Short web captions:

::::

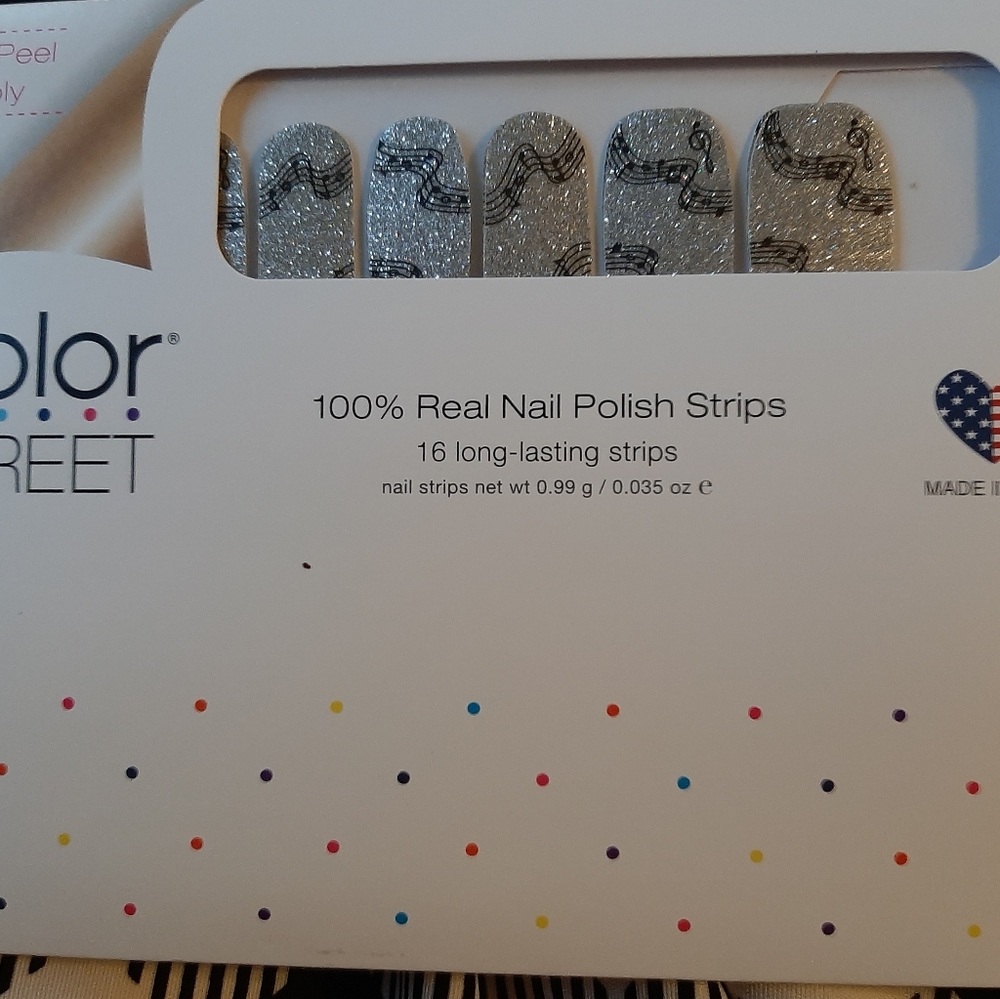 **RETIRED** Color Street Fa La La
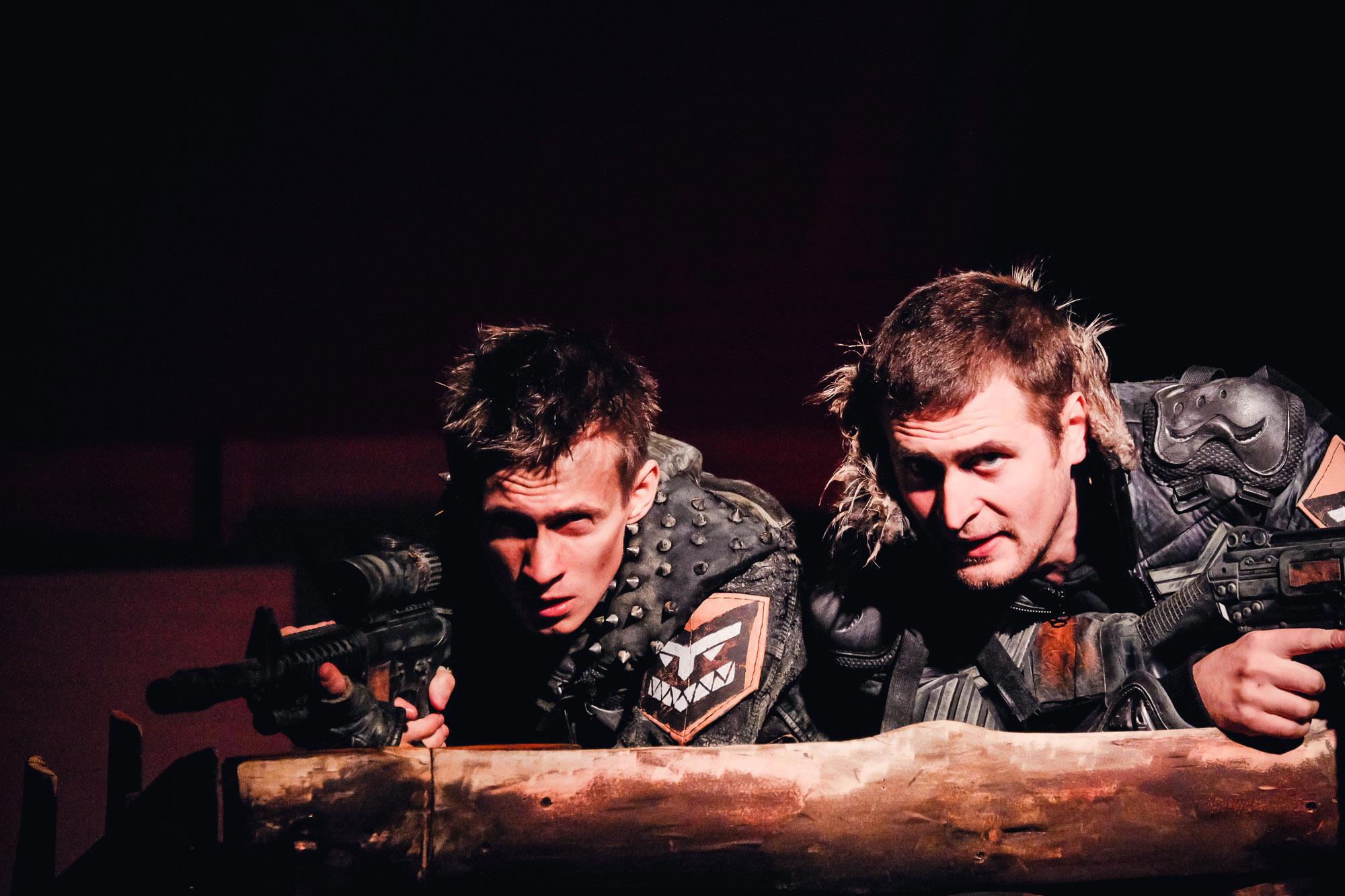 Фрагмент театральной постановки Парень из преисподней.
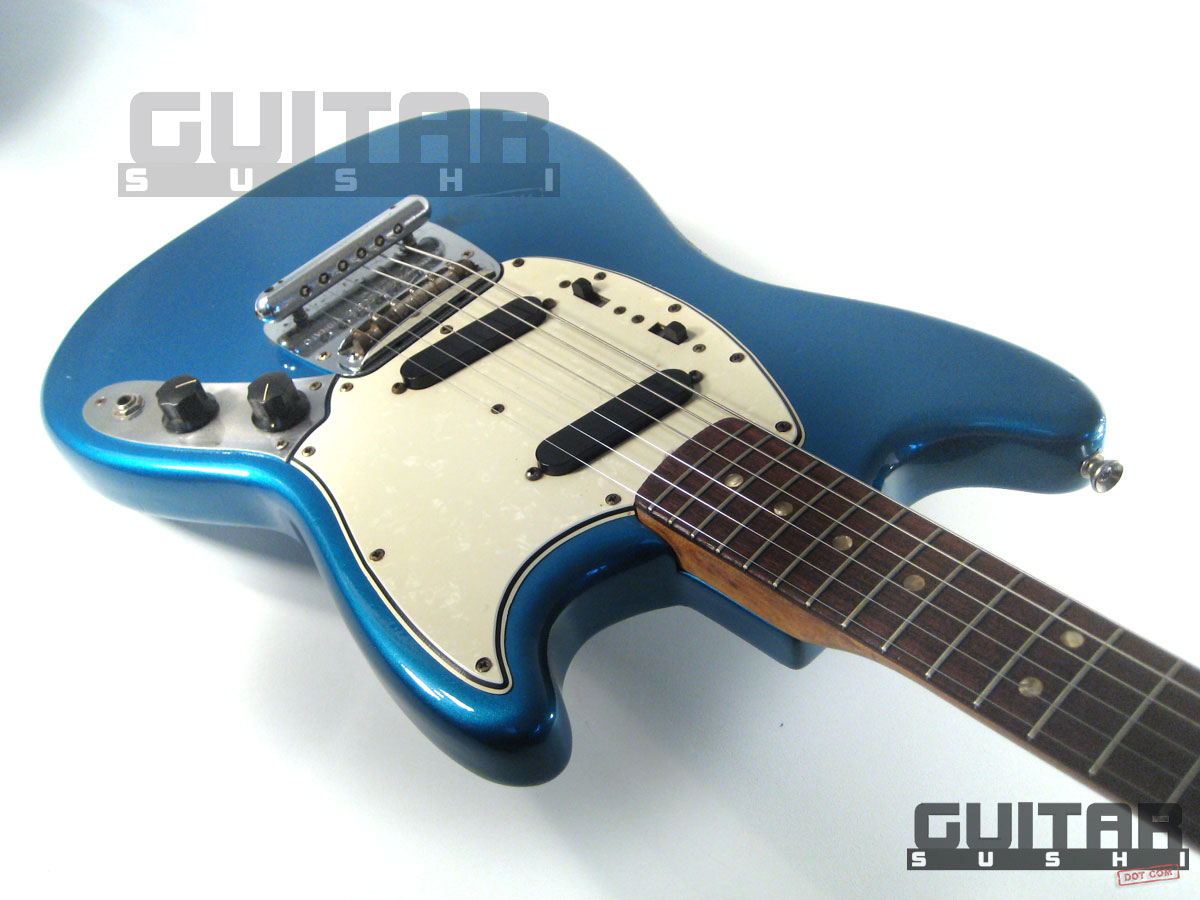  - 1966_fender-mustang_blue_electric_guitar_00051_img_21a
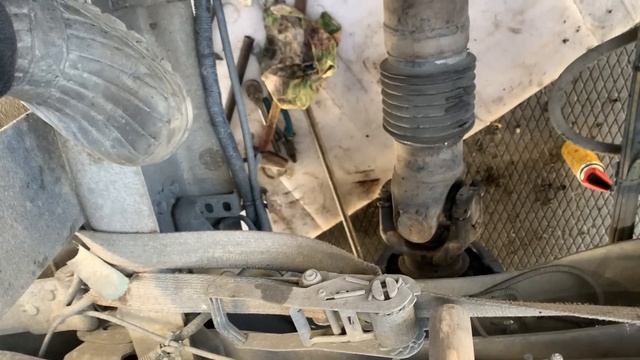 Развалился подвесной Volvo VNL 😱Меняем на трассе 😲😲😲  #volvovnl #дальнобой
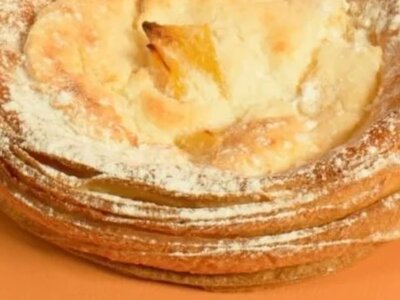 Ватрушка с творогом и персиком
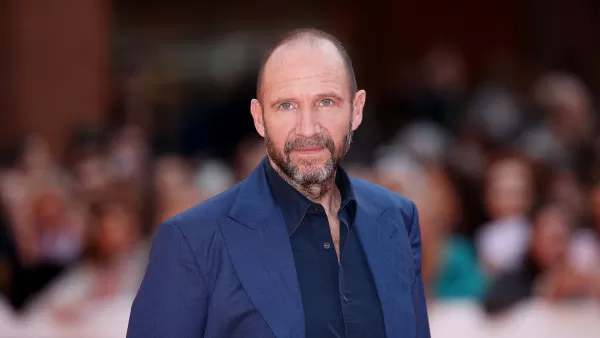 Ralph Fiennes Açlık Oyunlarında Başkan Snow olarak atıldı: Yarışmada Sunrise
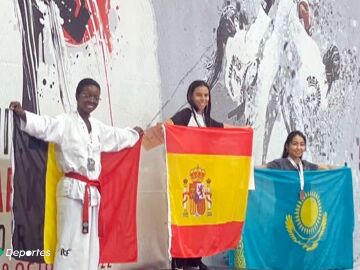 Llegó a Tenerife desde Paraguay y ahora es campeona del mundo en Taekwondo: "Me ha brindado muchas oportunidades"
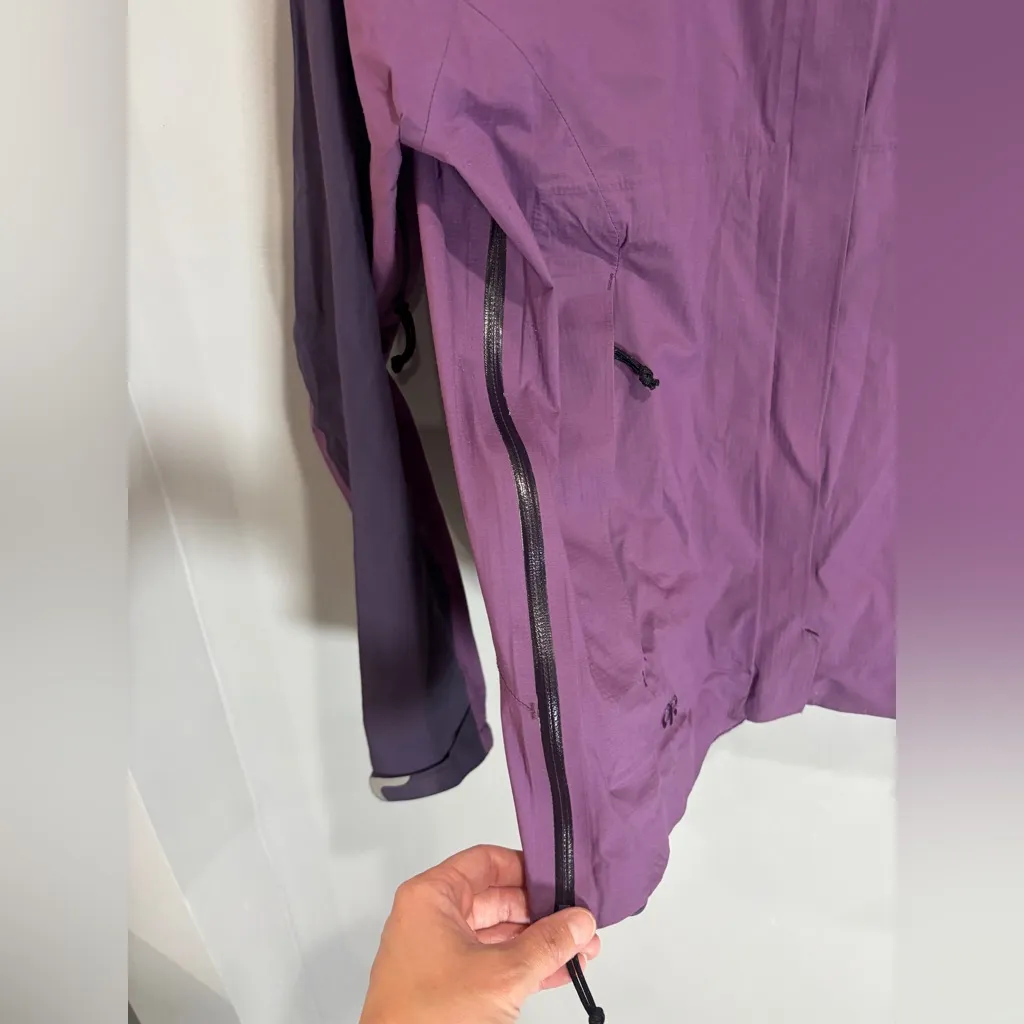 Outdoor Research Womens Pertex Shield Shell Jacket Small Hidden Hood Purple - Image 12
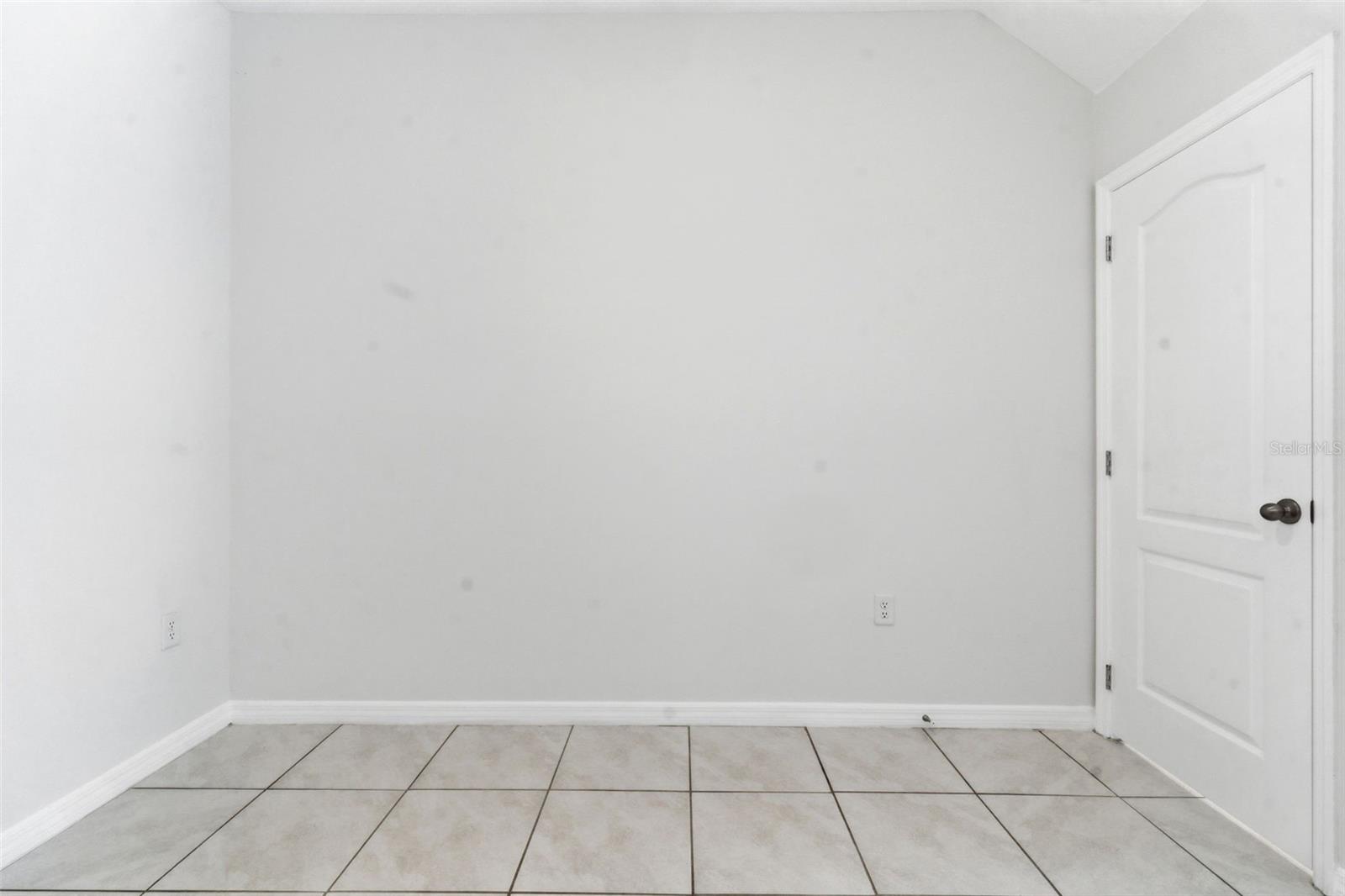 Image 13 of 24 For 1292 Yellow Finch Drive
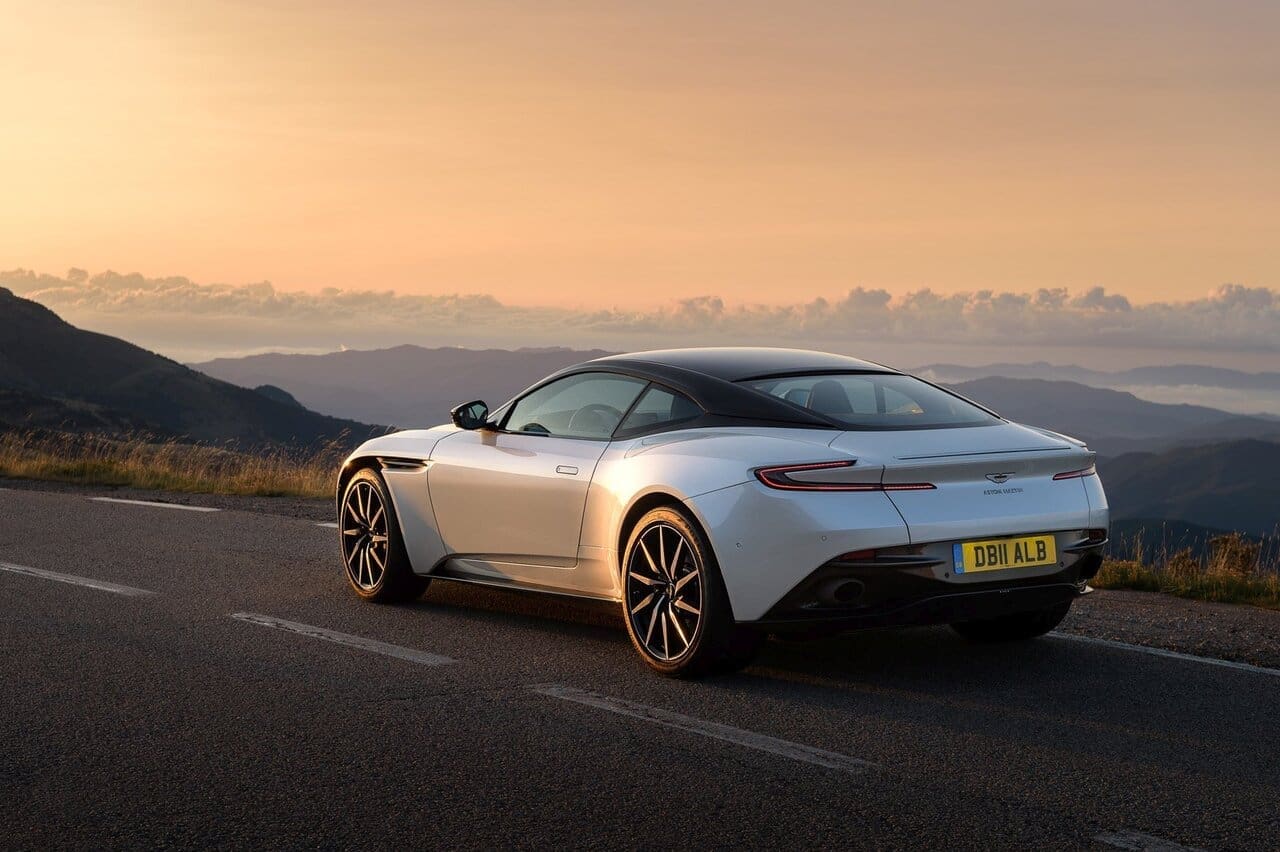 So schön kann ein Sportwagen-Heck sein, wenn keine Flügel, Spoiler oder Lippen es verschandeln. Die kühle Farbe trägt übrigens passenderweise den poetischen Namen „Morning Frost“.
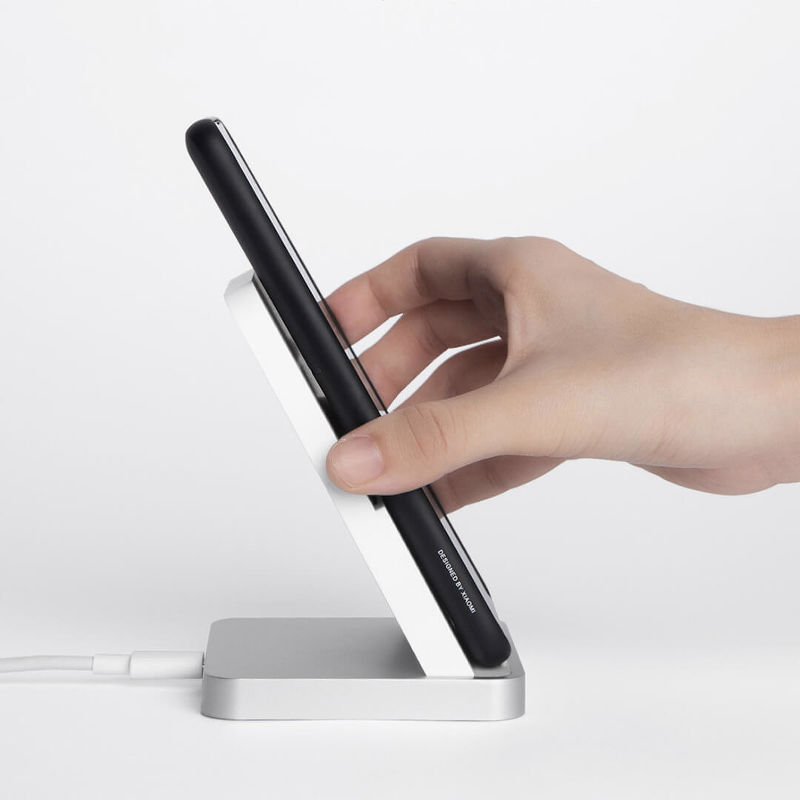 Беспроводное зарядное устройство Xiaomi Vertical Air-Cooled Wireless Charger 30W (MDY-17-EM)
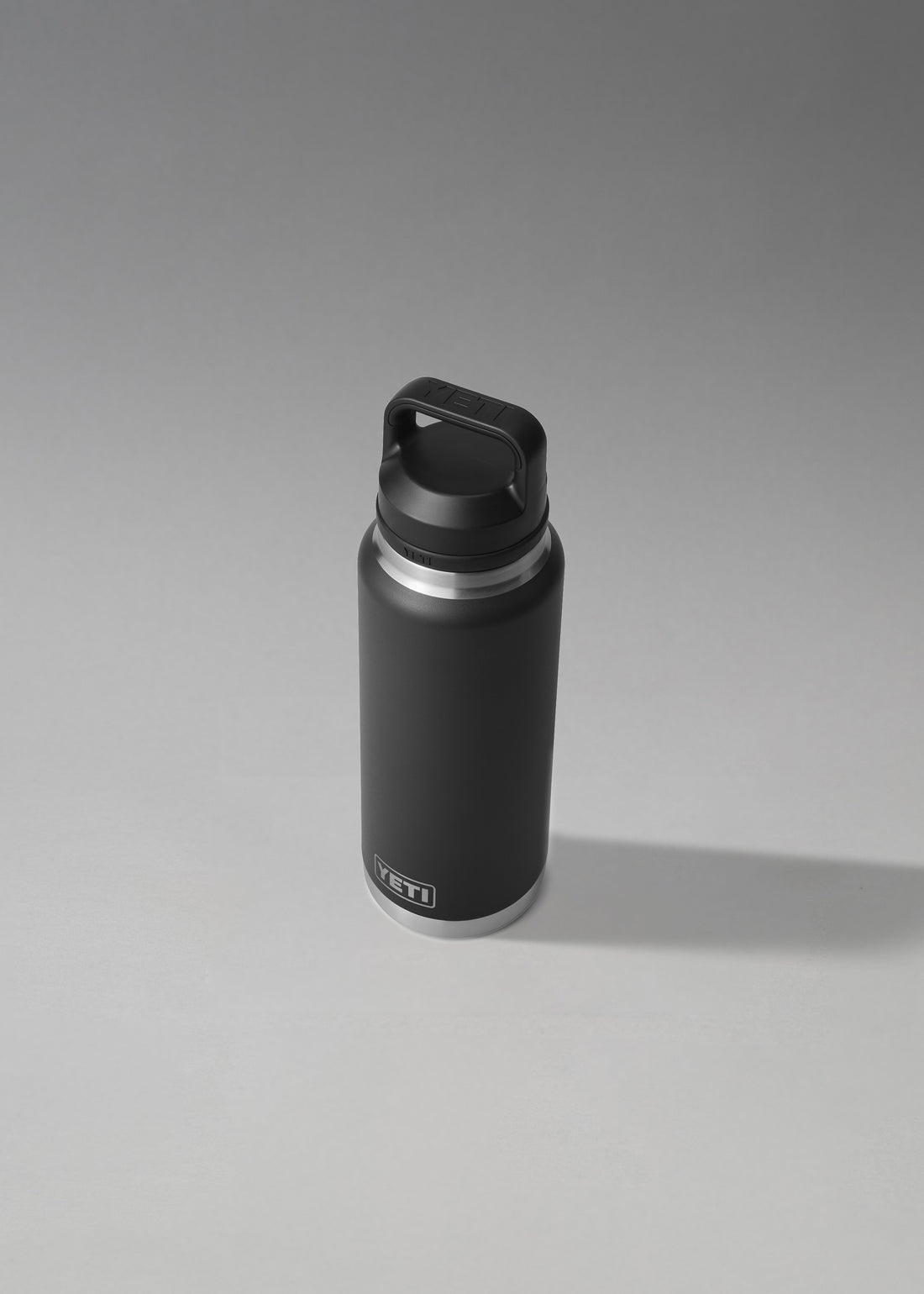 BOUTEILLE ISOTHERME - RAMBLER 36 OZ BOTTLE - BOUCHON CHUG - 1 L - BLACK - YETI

::::

* [Problem]: Reproduce only the lines between the line with "Image 13 of 24 For 1292 Yellow Finch Drive" and the final line of the records, both included, so that the copy matches them exactly and contains no pictures.

* [Written solution]:
 Image 13 of 24 For 1292 Yellow Finch Drive
 So schön kann ein Sportwagen-Heck sein, wenn keine Flügel, Spoiler oder Lippen es verschandeln. Die kühle Farbe trägt übrigens passenderweise den poetischen Namen „Morning Frost“.
 Беспроводное зарядное устройство Xiaomi Vertical Air-Cooled Wireless Charger 30W (MDY-17-EM)
 BOUTEILLE ISOTHERME - RAMBLER 36 OZ BOTTLE - BOUCHON CHUG - 1 L - BLACK - YETI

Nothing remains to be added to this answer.